A meno di sette settimane dalle elezioni in Ungheria, nei sondaggi crolla il sostegno al primo ministro Viktor Orban, al governo dal 2010 con il suo partito sovranista Fidesz. A guadagnare sempre più consensi è invece Tisza, il partito di opposizione – ma sempre conservatore – di Peter Magyar, ex collaboratore tra i più stretti di Orban poi fuoriscito da Fidesz, in aperto contrasto col primo ministro.

Tisza è nato meno di due anni fa ma in breve tempo ha raccolto molti consenti tra gli scontenti dell’autoritarismo di Orban, tanto che negli ultimi sondaggi di Median il partito di Magyar è dato in vantaggio di 20 punti percentuali tra gli elettori decisi, rispetto ai 12 punti di metà gennaio. Tra coloro che affermano di aver già deciso per chi votare il prossimo il 12 aprile, Tisza è al 55% contro il 35% di Fidesz.
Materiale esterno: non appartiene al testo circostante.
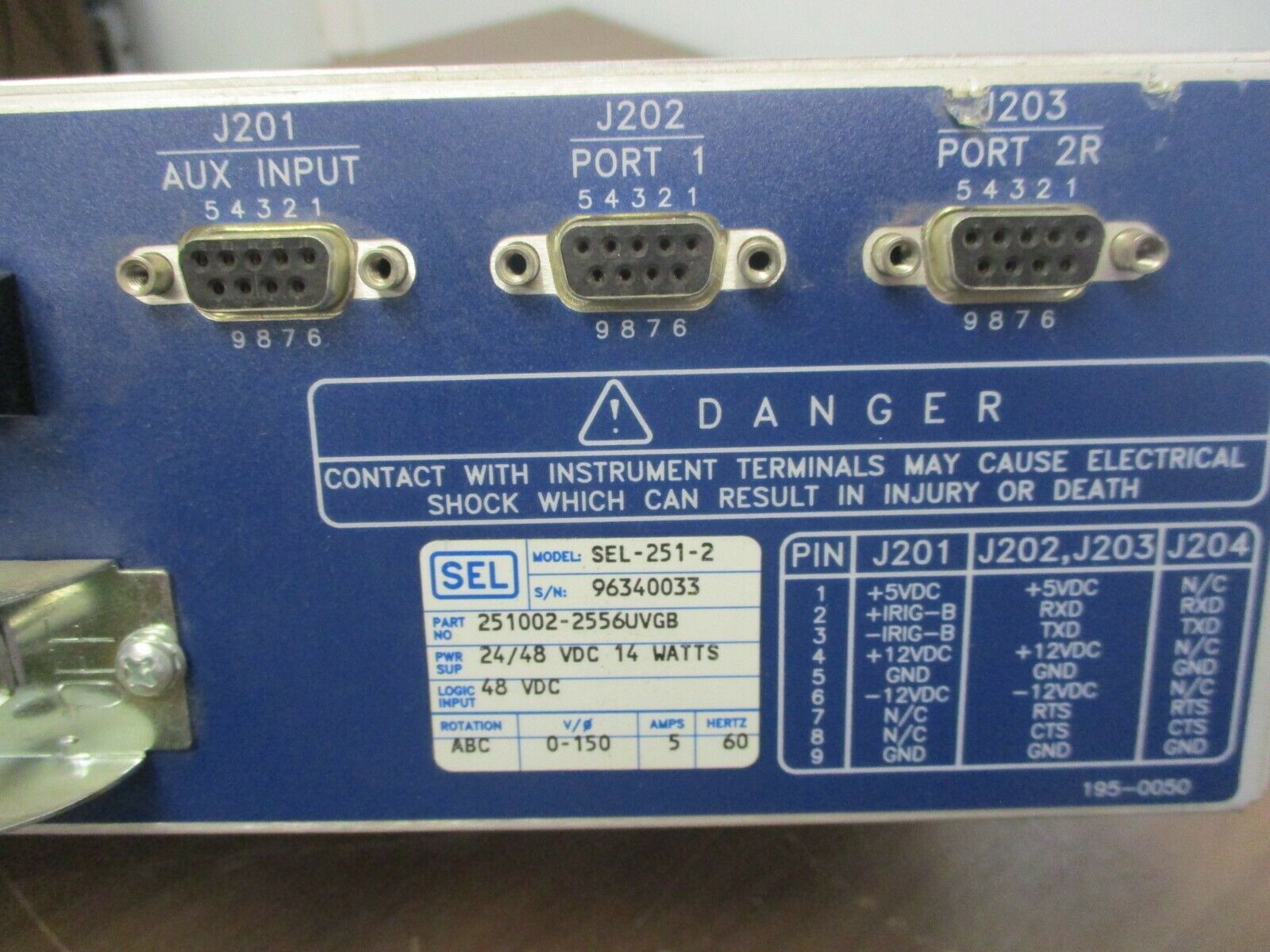 SEL Model SEL-251-2 Distribution Relay 251002-2556UVGB Power Supply: 24/48VDC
Il divario, il più ampio finora rilevato dagli istituti indipendenti, metterebbe Tisza sulla strada per una maggioranza più che ampia al Parlamento ungherese.
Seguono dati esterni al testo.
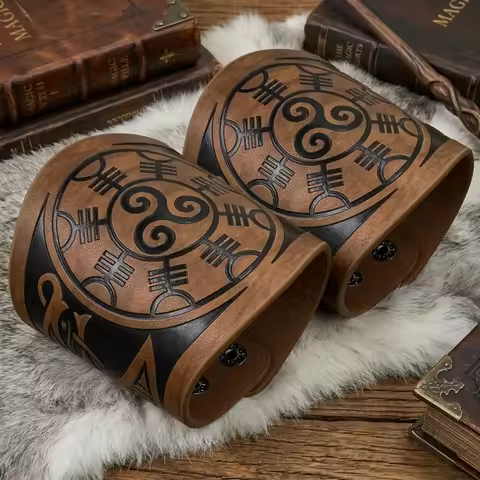 2pcs Medieval Viking Embossed PU Leather Wrist Guards Vintage Wristbands for LARP Renaissance Fairs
Il sondaggio Median, tra gli istituti più affidabili del Paese, mostra che sugli elettori ungheresi la retorica anti-Ucraina di Orban ha sempre meno presa. L’attuale primo ministro ha incentrato la sua campagna elettorale contro l’avversario Magyar dipingendolo come un burattino dell’Ue e sostenendo che, in caso di vittoria di Tisza, i soldati ungheresi verrebbero inviati a morire a Kiev: «Se vogliamo entrare in guerra, allora votate Tisza» è lo slogan del suo ultimo video su Facebook. Finora la politica illiberale di Orban ha però solo portato la Ue a congelare circa 18 miliardi di euro di fondi destinati all’Ungheria.

Magyar, dal canto suo, promette di riportare l’Ungheria nel solco europeo e di diversificare gli approvvigionamenti energetici lontano dalla Russia. Al centro del suo programma c’è soprattutto la lotta alla corruzione, che secondo Tsiza avrebbe sottratto risorse finanziarie alla sanità e all’istruzione ungherese. Magyar accusa Orban di non aver fatto nulla per rilanciare la crescita economica del Paese e frenare l’inflazione, che sta rendendo il costo della vita insopportabile per una buona fascia della popolazione ungherese.

Il risultato del sondaggio di Median indica un vantaggio più ampio rispetto ad altri istituti indipendenti, alcuni dei quali hanno rilevato un margine a una sola cifra per Tisza. Gli istituti vicini al governo continuano invece a prevedere una vittoria di Fidesz. Secondo Hvg, il partito di Peter Magyar sembra avere maggiori possibilità di attrarre gli indecisi rispetto a quello di Orban. Oltre a Fidesz e Tisza, anche il partito di estrema destra Mi Hazank, considerato un potenziale alleato del partito di Orban, sarebbe in grado di superare la soglia di sbarramento per entrare in parlamento.